Task description: Make an exact copy of the entries below.

(Short web captions)
= = = = =
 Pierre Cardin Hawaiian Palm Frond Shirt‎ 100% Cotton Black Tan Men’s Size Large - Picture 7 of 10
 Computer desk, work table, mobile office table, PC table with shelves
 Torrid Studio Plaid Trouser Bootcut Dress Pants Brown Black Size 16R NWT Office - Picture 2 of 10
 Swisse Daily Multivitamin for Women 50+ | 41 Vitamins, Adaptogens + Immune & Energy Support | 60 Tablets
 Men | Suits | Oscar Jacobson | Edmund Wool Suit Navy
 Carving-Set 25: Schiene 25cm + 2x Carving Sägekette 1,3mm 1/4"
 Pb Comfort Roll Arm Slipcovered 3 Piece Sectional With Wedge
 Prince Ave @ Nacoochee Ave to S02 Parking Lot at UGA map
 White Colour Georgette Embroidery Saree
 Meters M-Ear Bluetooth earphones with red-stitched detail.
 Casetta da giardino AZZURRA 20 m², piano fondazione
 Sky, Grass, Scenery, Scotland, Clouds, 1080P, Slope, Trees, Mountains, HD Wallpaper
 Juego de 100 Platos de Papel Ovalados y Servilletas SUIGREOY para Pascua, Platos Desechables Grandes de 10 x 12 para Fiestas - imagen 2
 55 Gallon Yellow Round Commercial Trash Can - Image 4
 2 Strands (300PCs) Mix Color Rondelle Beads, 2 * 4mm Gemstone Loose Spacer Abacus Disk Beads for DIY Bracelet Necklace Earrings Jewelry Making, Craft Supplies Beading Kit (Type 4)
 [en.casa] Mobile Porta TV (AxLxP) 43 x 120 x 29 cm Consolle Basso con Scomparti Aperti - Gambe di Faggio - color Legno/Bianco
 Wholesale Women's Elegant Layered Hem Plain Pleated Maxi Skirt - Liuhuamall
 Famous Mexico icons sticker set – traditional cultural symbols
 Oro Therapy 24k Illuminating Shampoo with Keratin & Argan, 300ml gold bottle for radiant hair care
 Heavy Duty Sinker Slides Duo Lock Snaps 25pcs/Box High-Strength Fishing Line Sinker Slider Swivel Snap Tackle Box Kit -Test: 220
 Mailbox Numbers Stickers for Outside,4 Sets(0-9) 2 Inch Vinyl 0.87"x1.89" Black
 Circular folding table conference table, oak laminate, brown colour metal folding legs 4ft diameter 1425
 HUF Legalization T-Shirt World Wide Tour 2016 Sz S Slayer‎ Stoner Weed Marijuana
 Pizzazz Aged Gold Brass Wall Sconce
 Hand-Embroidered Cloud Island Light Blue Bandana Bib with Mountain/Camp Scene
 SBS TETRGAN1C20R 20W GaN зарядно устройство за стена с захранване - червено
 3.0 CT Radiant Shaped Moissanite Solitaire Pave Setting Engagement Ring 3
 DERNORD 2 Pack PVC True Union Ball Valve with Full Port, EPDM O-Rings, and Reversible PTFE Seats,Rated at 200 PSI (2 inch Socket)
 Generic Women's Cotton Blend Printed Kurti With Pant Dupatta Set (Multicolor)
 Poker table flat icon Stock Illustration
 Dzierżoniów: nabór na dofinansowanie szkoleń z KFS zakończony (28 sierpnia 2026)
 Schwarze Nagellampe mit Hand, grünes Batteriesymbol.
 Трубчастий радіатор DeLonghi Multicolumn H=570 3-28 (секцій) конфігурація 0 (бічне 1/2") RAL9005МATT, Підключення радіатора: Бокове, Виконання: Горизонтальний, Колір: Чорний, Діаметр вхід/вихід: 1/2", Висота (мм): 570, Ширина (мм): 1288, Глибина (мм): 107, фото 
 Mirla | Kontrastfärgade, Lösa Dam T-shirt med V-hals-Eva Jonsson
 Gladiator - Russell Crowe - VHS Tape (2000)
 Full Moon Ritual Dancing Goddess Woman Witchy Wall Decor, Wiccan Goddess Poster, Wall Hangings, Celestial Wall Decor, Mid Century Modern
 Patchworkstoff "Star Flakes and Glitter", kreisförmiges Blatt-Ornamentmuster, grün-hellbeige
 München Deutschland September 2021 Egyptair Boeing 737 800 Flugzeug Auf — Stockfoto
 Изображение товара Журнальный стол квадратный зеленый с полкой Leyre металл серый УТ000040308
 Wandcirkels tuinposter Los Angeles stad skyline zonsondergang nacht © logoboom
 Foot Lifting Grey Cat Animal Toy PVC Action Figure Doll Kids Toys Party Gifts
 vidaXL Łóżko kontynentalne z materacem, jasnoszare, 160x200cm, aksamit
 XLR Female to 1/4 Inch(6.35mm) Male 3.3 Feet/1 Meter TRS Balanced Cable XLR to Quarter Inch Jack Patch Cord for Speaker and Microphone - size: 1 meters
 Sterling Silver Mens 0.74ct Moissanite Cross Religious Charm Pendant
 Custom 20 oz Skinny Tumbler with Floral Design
= = = = =
Solution to this exercise:
 Pierre Cardin Hawaiian Palm Frond Shirt‎ 100% Cotton Black Tan Men’s Size Large - Picture 7 of 10
 Computer desk, work table, mobile office table, PC table with shelves
 Torrid Studio Plaid Trouser Bootcut Dress Pants Brown Black Size 16R NWT Office - Picture 2 of 10
 Swisse Daily Multivitamin for Women 50+ | 41 Vitamins, Adaptogens + Immune & Energy Support | 60 Tablets
 Men | Suits | Oscar Jacobson | Edmund Wool Suit Navy
 Carving-Set 25: Schiene 25cm + 2x Carving Sägekette 1,3mm 1/4"
 Pb Comfort Roll Arm Slipcovered 3 Piece Sectional With Wedge
 Prince Ave @ Nacoochee Ave to S02 Parking Lot at UGA map
 White Colour Georgette Embroidery Saree
 Meters M-Ear Bluetooth earphones with red-stitched detail.
 Casetta da giardino AZZURRA 20 m², piano fondazione
 Sky, Grass, Scenery, Scotland, Clouds, 1080P, Slope, Trees, Mountains, HD Wallpaper
 Juego de 100 Platos de Papel Ovalados y Servilletas SUIGREOY para Pascua, Platos Desechables Grandes de 10 x 12 para Fiestas - imagen 2
 55 Gallon Yellow Round Commercial Trash Can - Image 4
 2 Strands (300PCs) Mix Color Rondelle Beads, 2 * 4mm Gemstone Loose Spacer Abacus Disk Beads for DIY Bracelet Necklace Earrings Jewelry Making, Craft Supplies Beading Kit (Type 4)
 [en.casa] Mobile Porta TV (AxLxP) 43 x 120 x 29 cm Consolle Basso con Scomparti Aperti - Gambe di Faggio - color Legno/Bianco
 Wholesale Women's Elegant Layered Hem Plain Pleated Maxi Skirt - Liuhuamall
 Famous Mexico icons sticker set – traditional cultural symbols
 Oro Therapy 24k Illuminating Shampoo with Keratin & Argan, 300ml gold bottle for radiant hair care
 Heavy Duty Sinker Slides Duo Lock Snaps 25pcs/Box High-Strength Fishing Line Sinker Slider Swivel Snap Tackle Box Kit -Test: 220
 Mailbox Numbers Stickers for Outside,4 Sets(0-9) 2 Inch Vinyl 0.87"x1.89" Black
 Circular folding table conference table, oak laminate, brown colour metal folding legs 4ft diameter 1425
 HUF Legalization T-Shirt World Wide Tour 2016 Sz S Slayer‎ Stoner Weed Marijuana
 Pizzazz Aged Gold Brass Wall Sconce
 Hand-Embroidered Cloud Island Light Blue Bandana Bib with Mountain/Camp Scene
 SBS TETRGAN1C20R 20W GaN зарядно устройство за стена с захранване - червено
 3.0 CT Radiant Shaped Moissanite Solitaire Pave Setting Engagement Ring 3
 DERNORD 2 Pack PVC True Union Ball Valve with Full Port, EPDM O-Rings, and Reversible PTFE Seats,Rated at 200 PSI (2 inch Socket)
 Generic Women's Cotton Blend Printed Kurti With Pant Dupatta Set (Multicolor)
 Poker table flat icon Stock Illustration
 Dzierżoniów: nabór na dofinansowanie szkoleń z KFS zakończony (28 sierpnia 2026)
 Schwarze Nagellampe mit Hand, grünes Batteriesymbol.
 Трубчастий радіатор DeLonghi Multicolumn H=570 3-28 (секцій) конфігурація 0 (бічне 1/2") RAL9005МATT, Підключення радіатора: Бокове, Виконання: Горизонтальний, Колір: Чорний, Діаметр вхід/вихід: 1/2", Висота (мм): 570, Ширина (мм): 1288, Глибина (мм): 107, фото 
 Mirla | Kontrastfärgade, Lösa Dam T-shirt med V-hals-Eva Jonsson
 Gladiator - Russell Crowe - VHS Tape (2000)
 Full Moon Ritual Dancing Goddess Woman Witchy Wall Decor, Wiccan Goddess Poster, Wall Hangings, Celestial Wall Decor, Mid Century Modern
 Patchworkstoff "Star Flakes and Glitter", kreisförmiges Blatt-Ornamentmuster, grün-hellbeige
 München Deutschland September 2021 Egyptair Boeing 737 800 Flugzeug Auf — Stockfoto
 Изображение товара Журнальный стол квадратный зеленый с полкой Leyre металл серый УТ000040308
 Wandcirkels tuinposter Los Angeles stad skyline zonsondergang nacht © logoboom
 Foot Lifting Grey Cat Animal Toy PVC Action Figure Doll Kids Toys Party Gifts
 vidaXL Łóżko kontynentalne z materacem, jasnoszare, 160x200cm, aksamit
 XLR Female to 1/4 Inch(6.35mm) Male 3.3 Feet/1 Meter TRS Balanced Cable XLR to Quarter Inch Jack Patch Cord for Speaker and Microphone - size: 1 meters
 Sterling Silver Mens 0.74ct Moissanite Cross Religious Charm Pendant
 Custom 20 oz Skinny Tumbler with Floral Design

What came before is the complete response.